As I explored the memory, our surroundings began to flicker and change. Light filled the darkness and objects took shape in the receding shadows. Soon we found ourselves walking through an enormous office space with cubical after cubical of men and women frantically trying to get work done. The dark obsidian chamber had completely dissolved. “Did I do that?” I asked, startled.

“Yes, and yes.”


“Yes, you changed our surroundings, and yes, you used to be one of these people, struggling to make a name for yourself, never trusting God, only trusting in the talents God gave you.”

“How? How did I do that?” He looked as though his answer was going to be a smart one, so I cut him off. “I mean, how did I make all this appear?”

He looked disappointed I had ruined his fun. “Don’t get your undies in a bunch. It’ll come to you.”

I looked into one of the cubicles at a man in a business suit. He was staring at a screen filled with charts and graphs. In the corner of the screen, a stock ticker flashed red. He laced his fingers into his curly hair and gripped hard. His elbows dug into the desk.

Peering down at him, I suddenly realized, I had once been this man. In fact, I had shared this very office! I looked around at the other workers. They were all here because of the same lust, the same perceived need for something more. I was once one of them, constantly worrying about money, caught in a cycle of endless frustration.

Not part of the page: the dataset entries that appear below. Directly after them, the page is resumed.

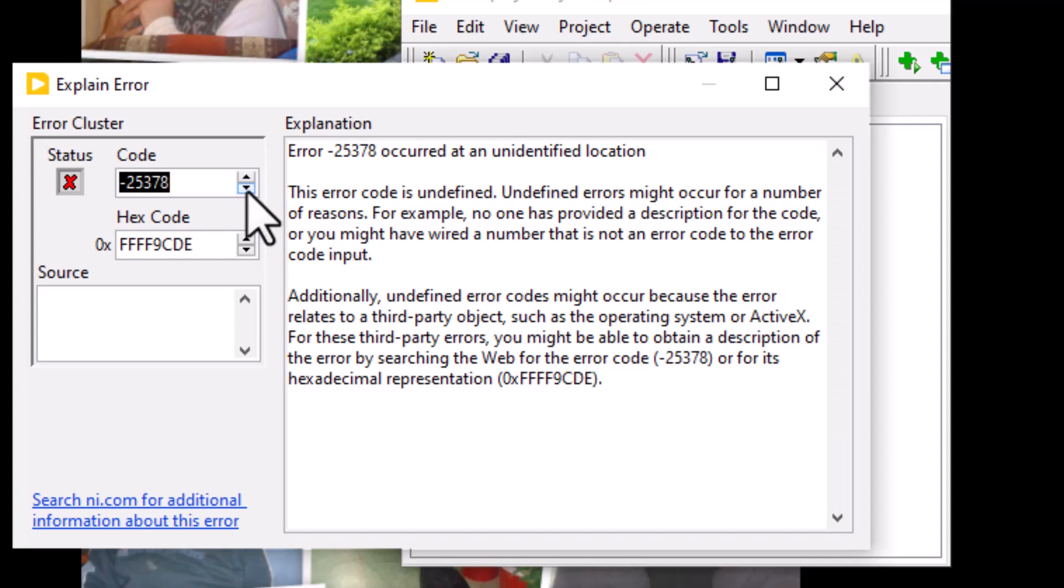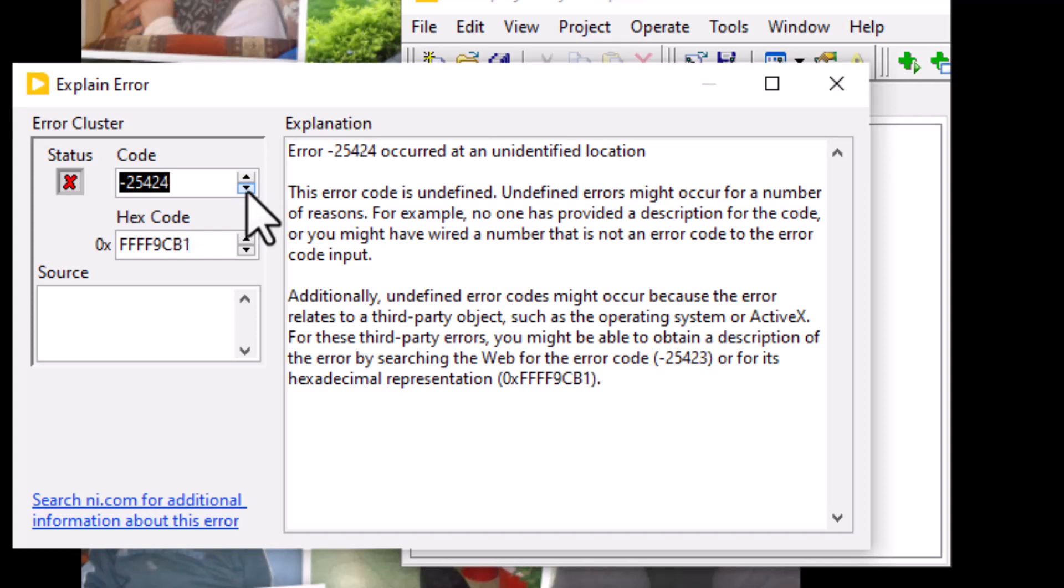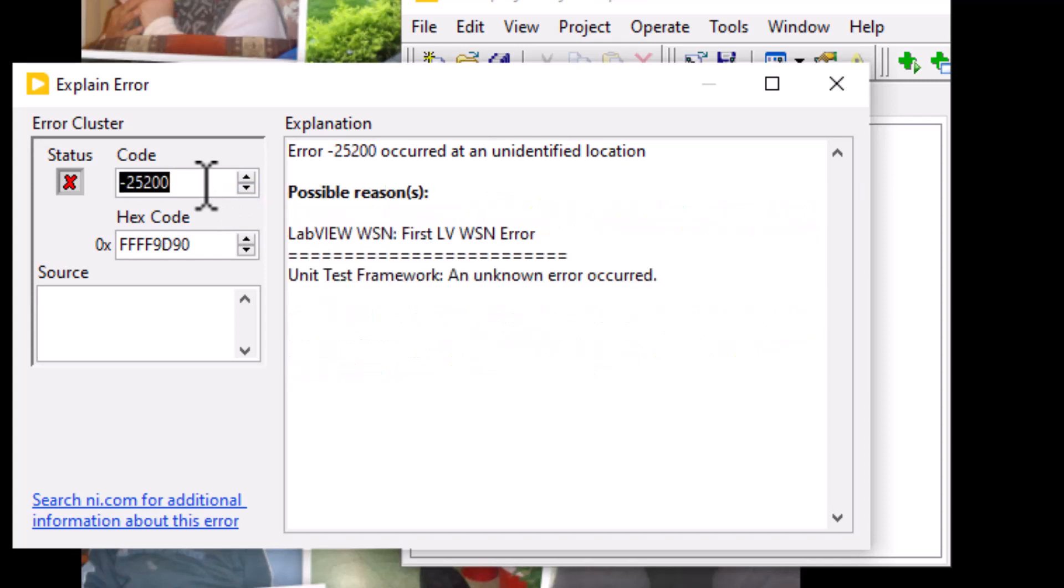And these errors go all the way to -25200. So let's jump to the last error that the unit test framework shows, which is unit test framework unknown error.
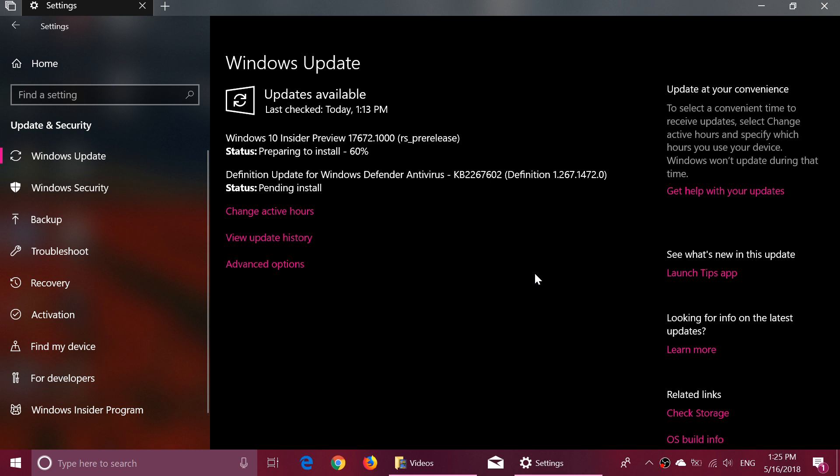So check it out because it is available now. Released about 20 minutes ago, and as you see here I'm installing it on my Insider machine.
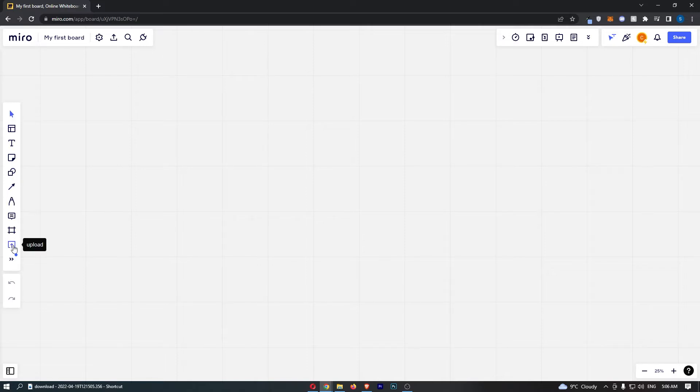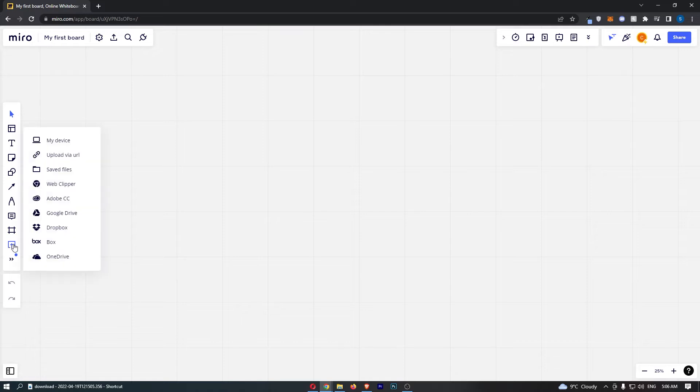To do this, you first of all want to load up your Miro account right here. Once you are on Miro, all we need to do is come over to this toolbar on the left hand side and go down to this button that says upload. Go ahead and click into this.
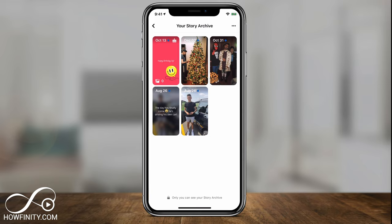Now this is separate from Instagram Story — this is just Facebook Story. And if you've never used that before, you won't see anything here, so you have to post a few stories first before you could go ahead and create this highlight.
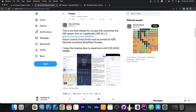So after that they posted this a couple of hours ago. Quote: this is the final release for my application that overwrites the iOS system font on unjailbroken devices, iOS 16.1.2. You can import custom fonts, fonts must be ported for iOS, override emojis and simplify Chinese. I hope this inspires developers to experiment with this CVE.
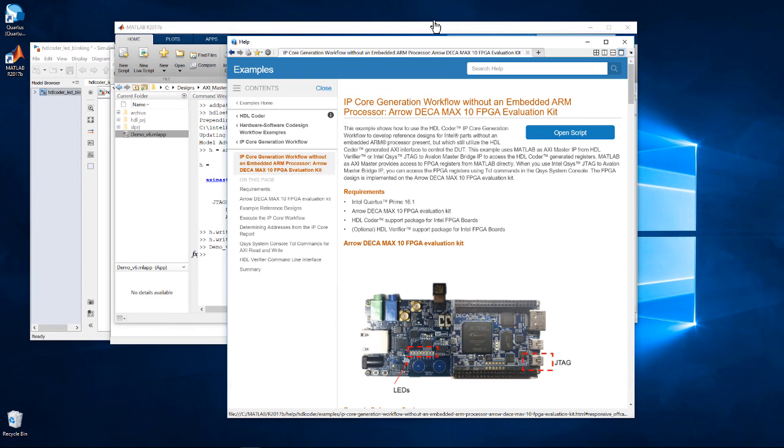For further information, review the examples and documentation for MATLAB as AXI Master.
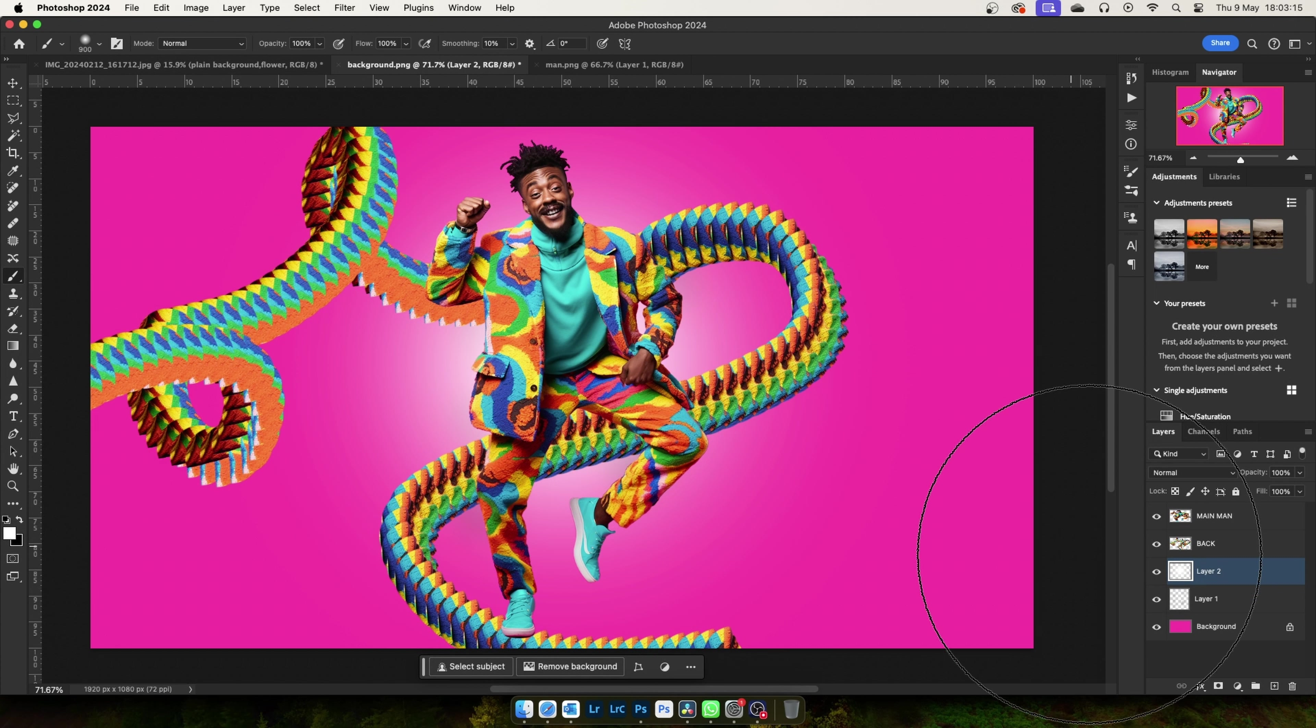Make a new layer. Select the Brush Tool and set the foreground color to black. Click here to make a shadow.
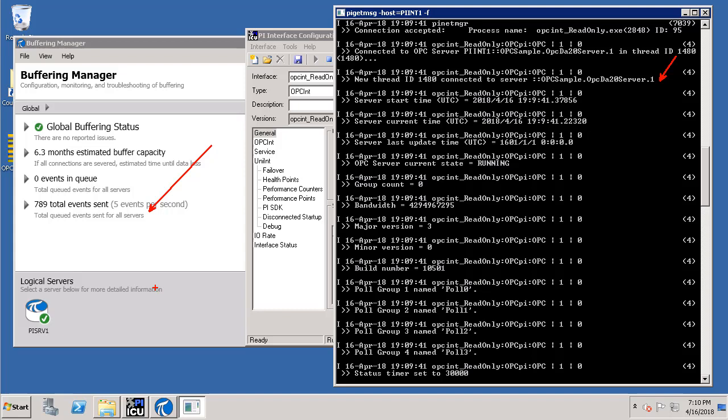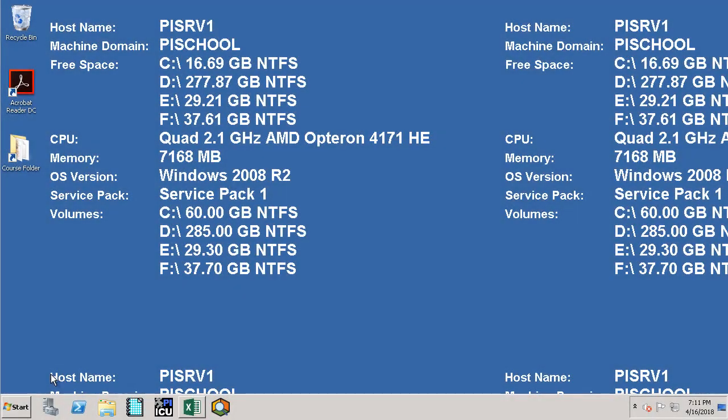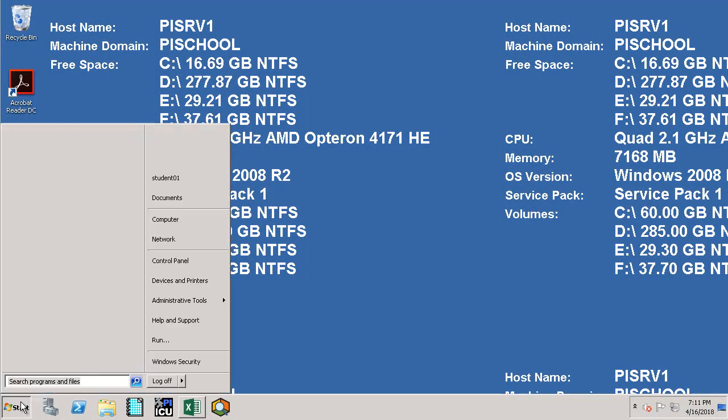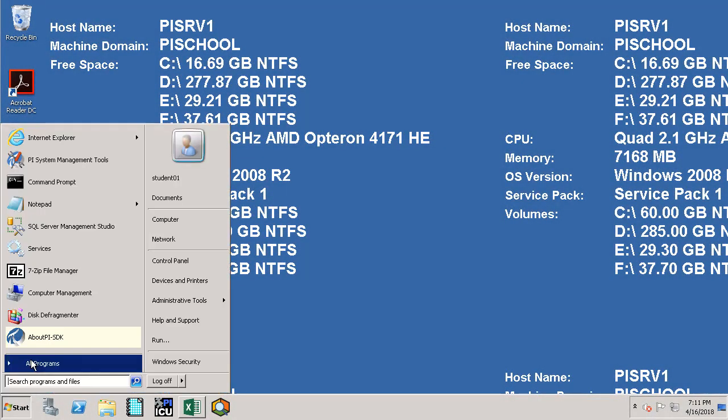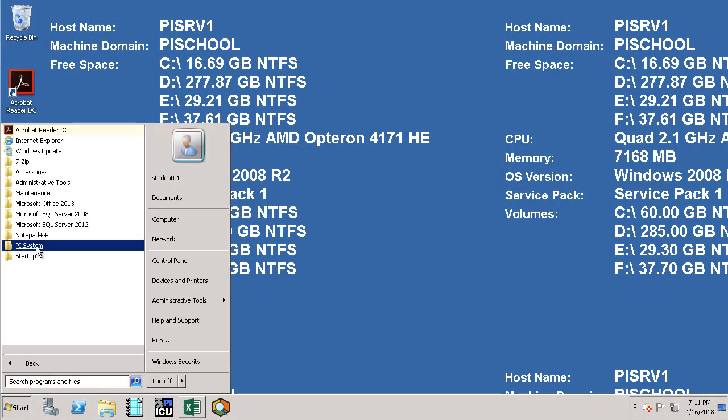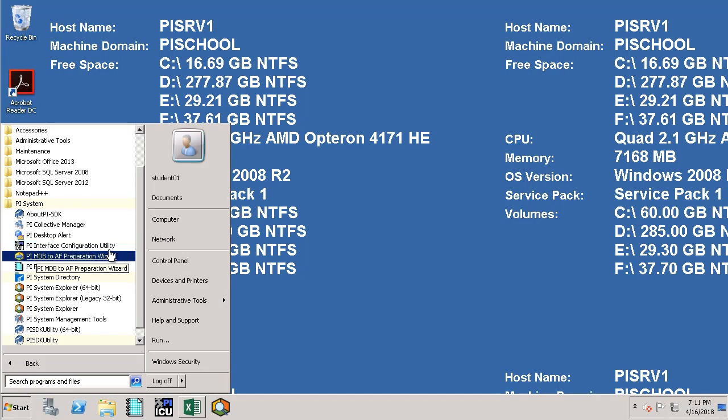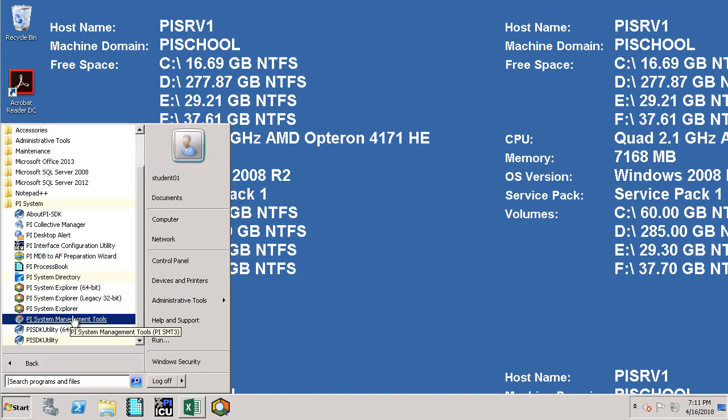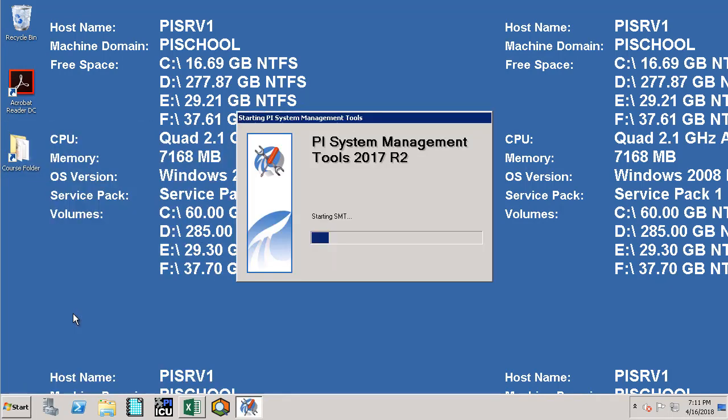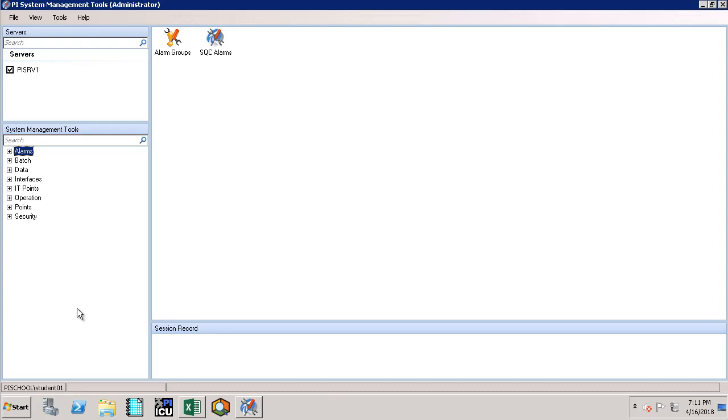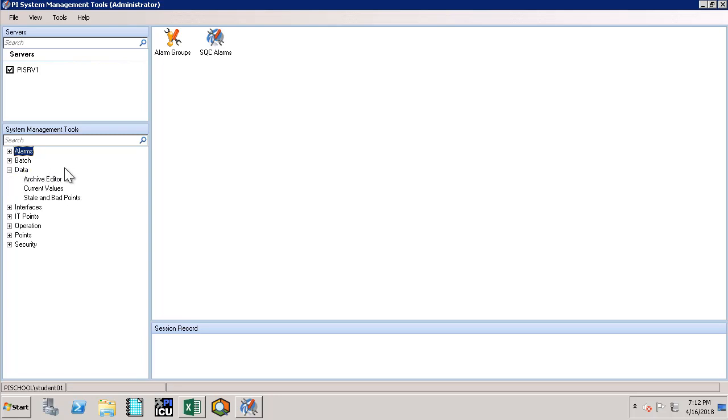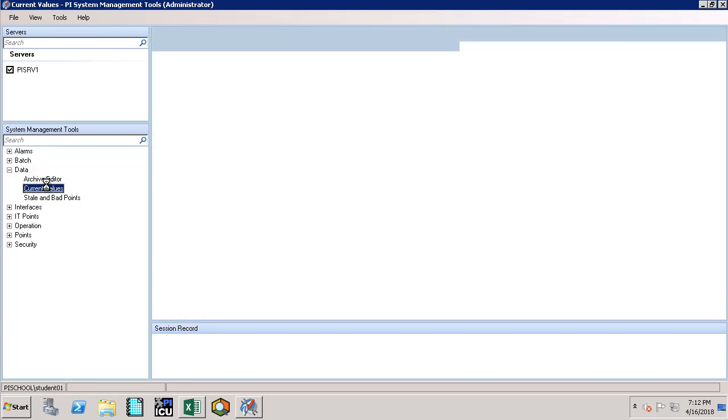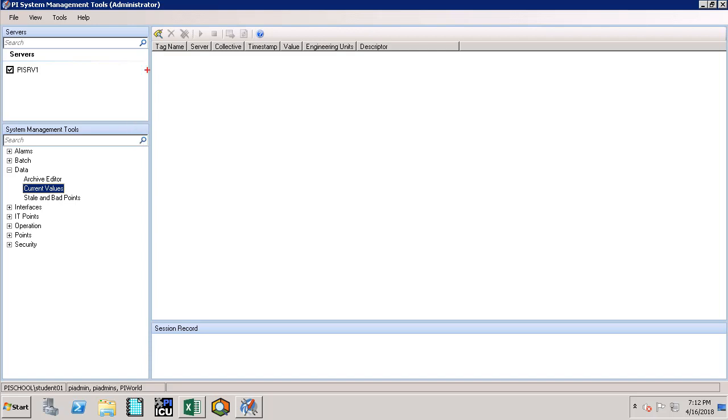Now let's go to the PI Data Archive and verify that the values are coming in. Make sure that there is a checkbox next to PI SRV1 meaning that we are connecting to the specific PI Data Archive server, though we have only one in our case. Then let's expand data and select current values.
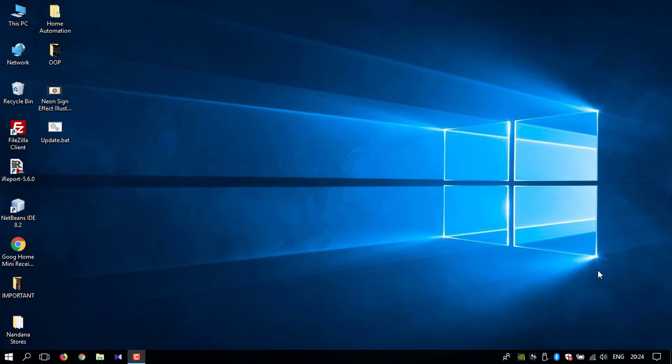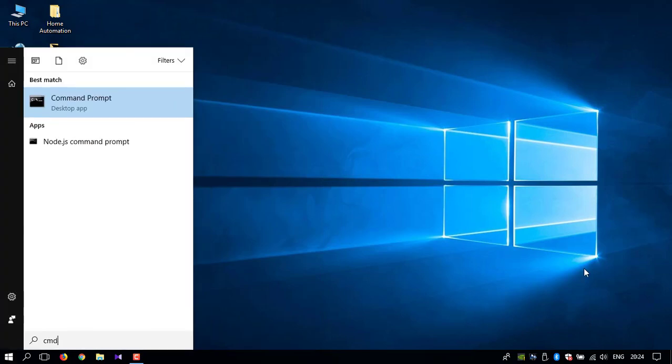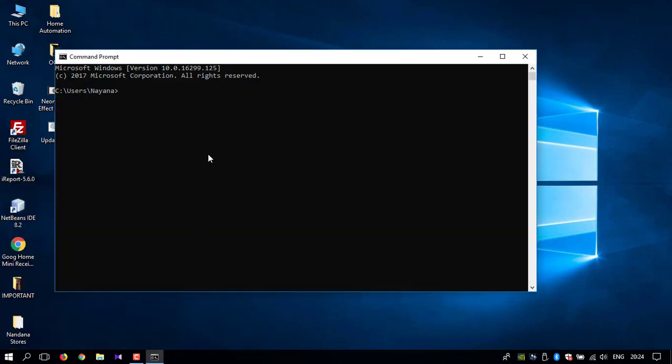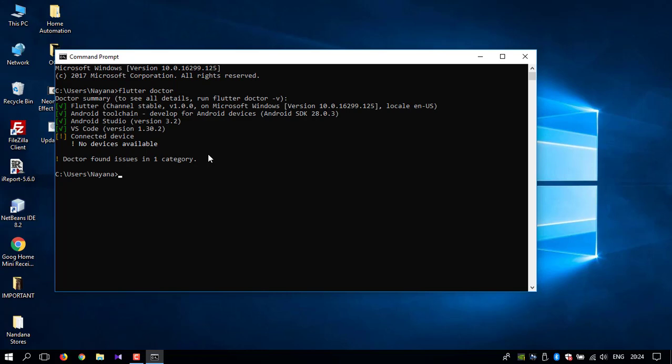First thing you want to do is open command prompt and type 'flutter doctor'. We run this command just to make sure that we don't have any errors or bugs. As you can see, I don't have any bugs.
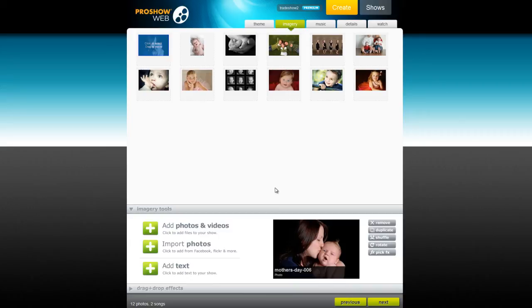Hello everyone, this is Nate from Photodex and today I have a few quick tips to help you make the perfect Mother's Day video with ProShow Web.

I had not created this room. These were real people sharing the same reality, the same struggle. I had simply merged my reality with theirs-- but this was not a place I wanted to remember. The emotions were growing stronger, painful emotions, and I had no desire to revisit them. I turned toward Humphrey. “Can we leave?”

“Yes, you are in control,” he answered. “You need to search for Gaza's daughter. Her mother is dead and her father’s in a coma. Look for someone dealing with loss.”

Could I do that? Could I find her by searching for her own personal hell? Wherever she was, she was experiencing the loss of a loved one. I thought of my love for my family, and of how I would feel if I lost them.

My soul reached out into the maelstrom of realities. In this realm, as in Dantra, thought became reality. But here, the fears and lusts of its inhabitants generated horrific self-made prisons. It was difficult sifting through the realities of unstable minds, but I realized, much to my surprise, that I had been created for this task. I could walk this realm because I had lived this realm. It spoke to something deep within me. A core belief? An insecurity? Regardless, it was the part of me that caused mistrust in my Creator, but ironically, it was the same part that allowed me to connect with these wretched souls. It was why I was uniquely qualified to rescue Gaza's daughter.

I latched on to the feeling of loss, and the world changed again. It was night and we were walking across a bridge. Several hopeless souls stood poised on the railing, working up the courage to jump. A young man leaned out and I reached to grab him, but Humphrey held my arm. “We can't help him. He has to work through this on his own.”

I turned to Humphrey and studied his face. “We're helping Gaza's daughter, how is that different?”

“This trial is made for that man. He would not respond to you.”

I understood what he meant. God knew I would respond to the angels when they came for me. He knew I had come to the end of myself and was ready to receive their message. I turned from the suicides. It was pointless to try to help; I did not have the message they would hear.

“There was a car accident, right?”

“Yes,” said Humphrey.

“Then maybe we're looking in the wrong place.”

The bridge dissolved and a new scene took form around us, this time, a busy city street. There was a flutter and a woman screamed. I searched for her amidst the sea of pedestrians shimmering into view across the street. She was standing over a body. A crowd was beginning to form.